WHAT THE TASK REQUIRES: For this exercise, return only the lines in the records below from the one holding "Rotate Back vector" through the one holding "Oikiture Shoe Bench", including both, exactly as they appear and without pictures.

SUPPLIED MATERIAL:

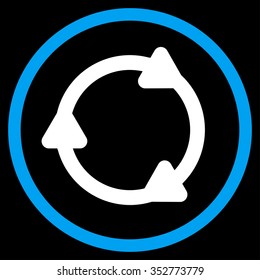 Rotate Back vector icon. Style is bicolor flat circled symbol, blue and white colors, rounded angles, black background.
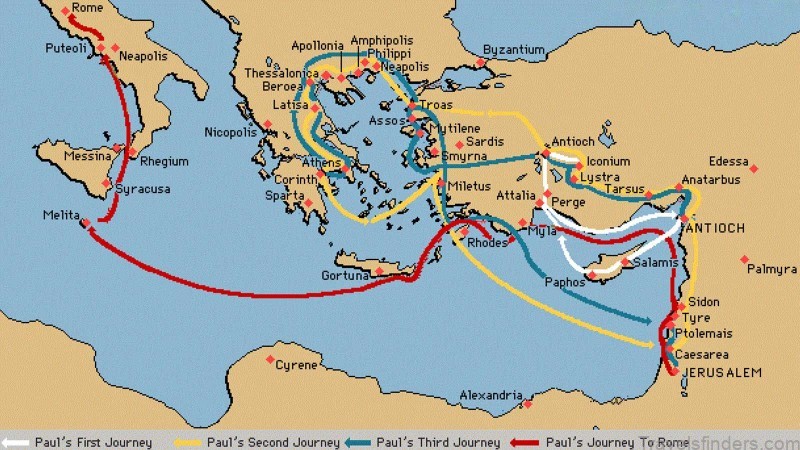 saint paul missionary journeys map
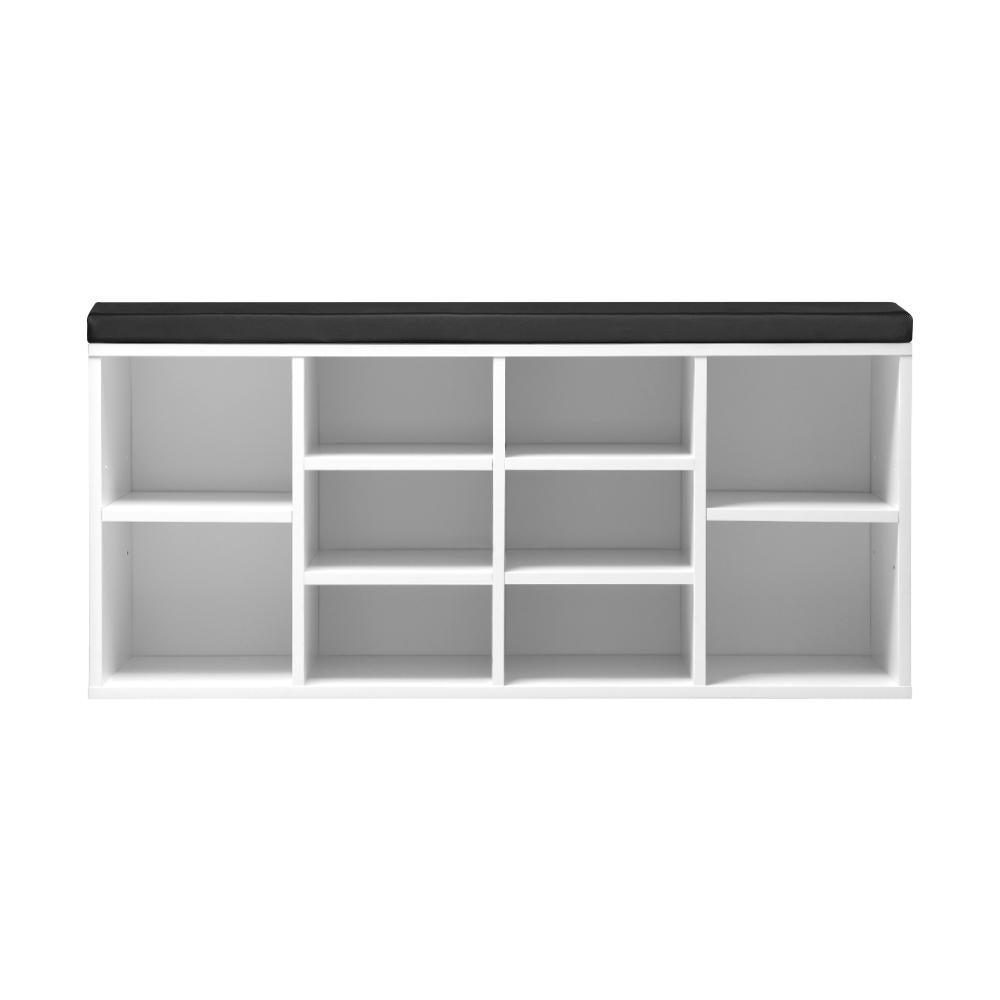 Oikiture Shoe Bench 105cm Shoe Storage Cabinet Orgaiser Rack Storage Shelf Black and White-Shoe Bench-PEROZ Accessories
--
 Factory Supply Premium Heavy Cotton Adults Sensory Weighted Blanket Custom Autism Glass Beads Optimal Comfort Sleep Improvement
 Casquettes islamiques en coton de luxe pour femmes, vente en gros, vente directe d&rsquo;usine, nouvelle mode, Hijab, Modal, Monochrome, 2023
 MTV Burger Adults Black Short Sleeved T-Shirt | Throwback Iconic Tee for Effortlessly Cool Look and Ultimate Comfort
* * *
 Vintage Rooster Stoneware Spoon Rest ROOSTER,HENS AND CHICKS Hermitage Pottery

TASK RESPONSE:
 Rotate Back vector icon. Style is bicolor flat circled symbol, blue and white colors, rounded angles, black background.
 saint paul missionary journeys map
 Oikiture Shoe Bench 105cm Shoe Storage Cabinet Orgaiser Rack Storage Shelf Black and White-Shoe Bench-PEROZ Accessories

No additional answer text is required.